Hoy, hay debates que dejan ver hasta qué punto los términos laico-laicidad-laicismo se pueden entender de maneras muy diversas y no siempre correctas. Se capta por ello, desde la negación de una ideología oficial, hasta la libertad de pensamiento y opinión (por tanto, deja el espacio libre para la afirmación religiosa y la expresión libre del que dice creer), pasando por los extremismos insanos que miran en el fenómeno religioso una realidad a ser combatida (por tanto, se reduce a una dimensión ni siquiera equiparable a lo ético, estético, lúdico, metafísico o utópico).
El peor de los laicismos, aun en contextos en que la actitud religiosa es compartida por la gran mayoría ciudadana, impone sus puntos de vista, discrimina, desacredita y ridiculiza. Anclado en las actitudes antirreligiosas de otros tiempos, agresivos y generadores de infinidad de testigos radicales de la “martyría”, este laicismo no ha logrado enterarse de todo cuanto se ha andado en la ruta de la convivencia entre individualismo republicano y comunitarismo social, libertad y respeto, cultura de la inmanencia mundanal (“mundo” en clave joánica si se desea) y cultura de la trascendencia religiosa (que tantos valoran y hacen suya o, al menos, respetan).El hombre hoy es mirado como un ser abierto y, libremente, ha de elegir entre dos rutas: de cara a Dios con lo que ello implica, o bien, de cara al mundo con lo implicado en ello también.

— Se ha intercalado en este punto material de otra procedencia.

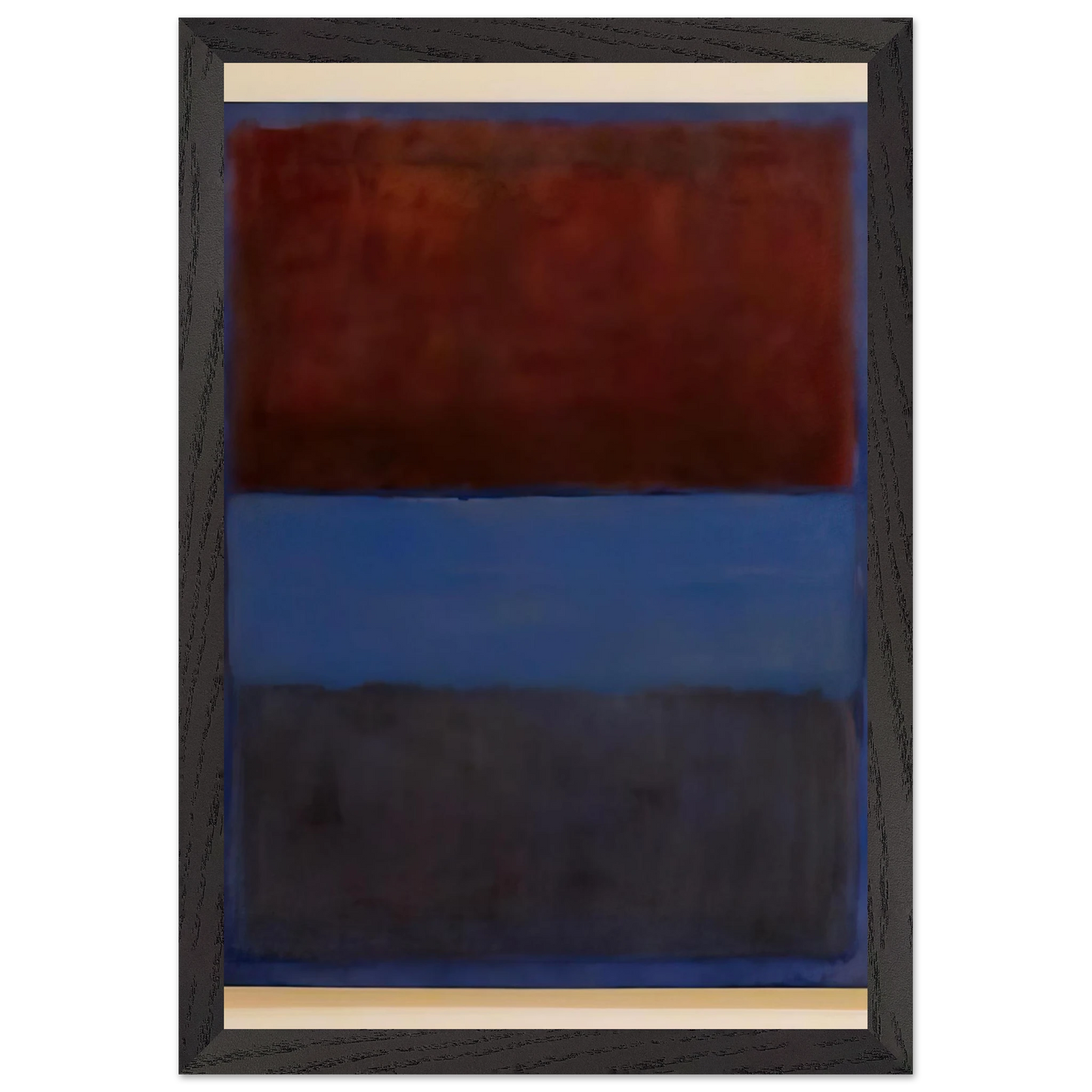 Mark Rothko - No.61 Rust and Blue - 1953 Wall Art - 21x29.7 cm / 8x12" - Premium Wooden Framed Poster With Fine Art Paper-canvas - Black frame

Para quien opta por la primera opción el hombre no “es” ni sólo “existe”, ni cree que el código penal sea la única norma y límite, ni que el bien o el mal depende del gusto de cada quien. Quien tiene en su horizonte vital a Dios se resiste a toda visión que niegue la dimensión social y pública de la fe. Esto es, que le deje con su anhelo castrado por una especie de “totalitarismo de las conciencias”, en el decir de Habermas.

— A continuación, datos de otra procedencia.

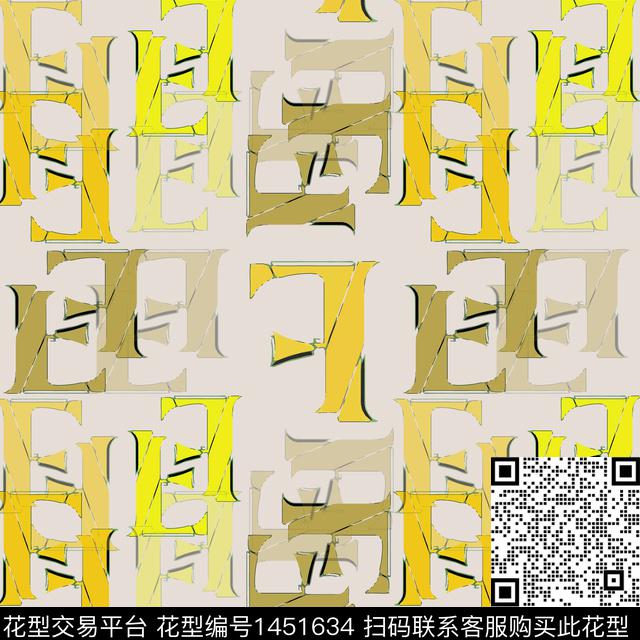 格子字母大牌风传统印花华亿平台下载（图片编号: 1451634） - 瓦栏（Walan）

Fe e increencia tienen, pues, su dimensión social. La primera hace ver lo que es y poco a poco se purifica, ayudada por la razón, de ciertas formas arcaicas o pretensiones pretéritas. La increencia –en su ámbito- debería hacer lo mismo y, además, un cierto examen de conciencia de sus logros y malogros del siglo XX e incluso, una evaluación seria de los frutos de las secularización en este mundo de hoy que, en su pérdida de norte, me parece, no es tan feliz como debiera.
Que en el marco de un centro de estudios no se resignen los creyentes a dejarse arrinconar, me parece justo. Que los deseen reprimir de alguna forma, me parece inadecuado y poco respetuoso (un exceso de la increencia en su presencia social). Que el que no desea mirar o no le parece algo de lo que los primeros aman hacer, mire en otra dirección o, sencillamente, no asista, me parece ideal y al final, todo mundo en paz.
De manera que una actividad de reflexión teológica, una celebración litúrgica en el campus o una experiencia de vivencia de religiosidad popular entre universitarios me parece, cualquier cosa, menos un ataque a la condición laica de la UCR. Todo lo contrario, es acentuar el derecho a expresarse de cada quien a nivel individual o colectivo. Y esto, ciertamente, es derecho de todos, creyentes o no (limitar el derecho de unos exigiría hacer lo mismo con el de los otros).